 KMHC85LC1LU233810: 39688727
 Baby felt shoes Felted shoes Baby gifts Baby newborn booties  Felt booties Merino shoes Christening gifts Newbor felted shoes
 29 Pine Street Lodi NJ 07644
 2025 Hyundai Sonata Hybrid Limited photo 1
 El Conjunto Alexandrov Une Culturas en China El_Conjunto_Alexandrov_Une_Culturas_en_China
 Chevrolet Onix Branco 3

::::

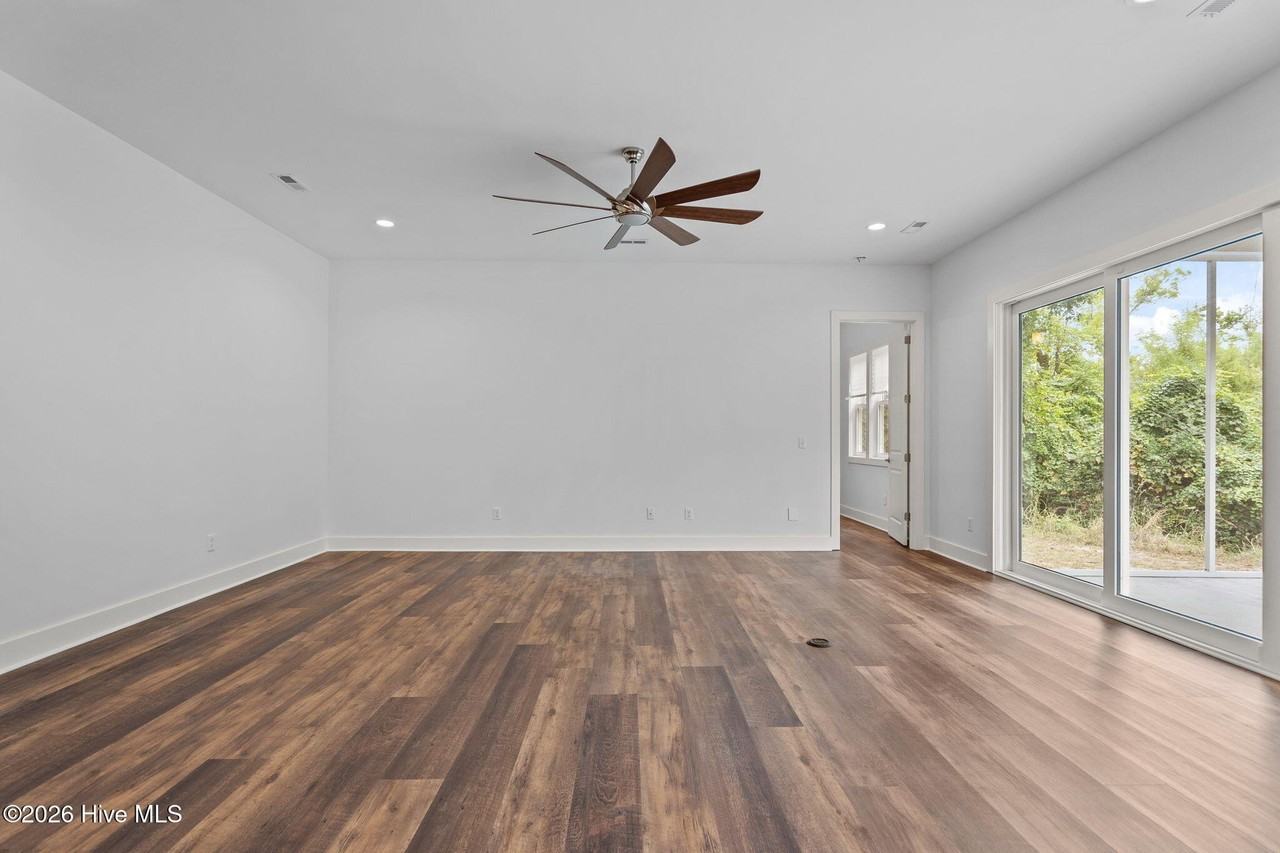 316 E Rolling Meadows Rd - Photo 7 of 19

::::

In the entries above, find the line holding "29 Pine Street Lodi NJ 07644" and the line holding "Chevrolet Onix Branco 3", then retype exactly those two lines and every line between them, and nothing else.

 29 Pine Street Lodi NJ 07644
 2025 Hyundai Sonata Hybrid Limited photo 1
 El Conjunto Alexandrov Une Culturas en China El_Conjunto_Alexandrov_Une_Culturas_en_China
 Chevrolet Onix Branco 3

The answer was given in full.